Pedro Sánchez es responsable de la ruptura del consenso constitucional en cuanto que su gabinete se sostiene aún con el apoyo de fuerzas independentistas abiertamente anticonstitucionales y de otras populistas que aspiran a derribar la Monarquía parlamentaria. Ahora bien, esto no justifica que el Partido Popular pueda aspirar a formar gobiernos con el apoyo de fuerzas populistas de extrema derecha. Si a ambas formaciones les preocupase de verdad el futuro de la Constitución y de la democracia abandonarían el peligroso juego en el que se han embarcado.
Mientras los nuevos líderes de ambos partidos políticos, Pedro Sánchez y Pablo Casado, legitimen con sus discursos y actuaciones a las diversas formaciones populistas que han surgido en España, sus apelaciones a la Constitución no serán más que formidables ejercicios de hipocresía.
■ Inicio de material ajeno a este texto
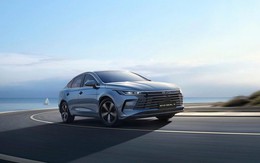 5 điều về mẫu xe to hơn Vios, 'ăn xăng như ngửi', sạc điện đi 120km, chuẩn bị về Việt Nam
En este contexto, el denominado por muchos analistas «terremoto político» andaluz podría convertirse en un ‘laboratorio’ político para ensayar fórmulas extrapolables al Gobierno de España.
Unas fórmulas que pasan por la construcción de una coalición desde el centro que convierta en irrelevantes los escaños alcanzados por los populistas en esos comicios. La alternativa consistente en la coexistencia de un Ejecutivo sostenido por populistas de izquierda en España y otro sostenido por populistas de derecha en Andalucía podría resultar letal para la democracia constitucional.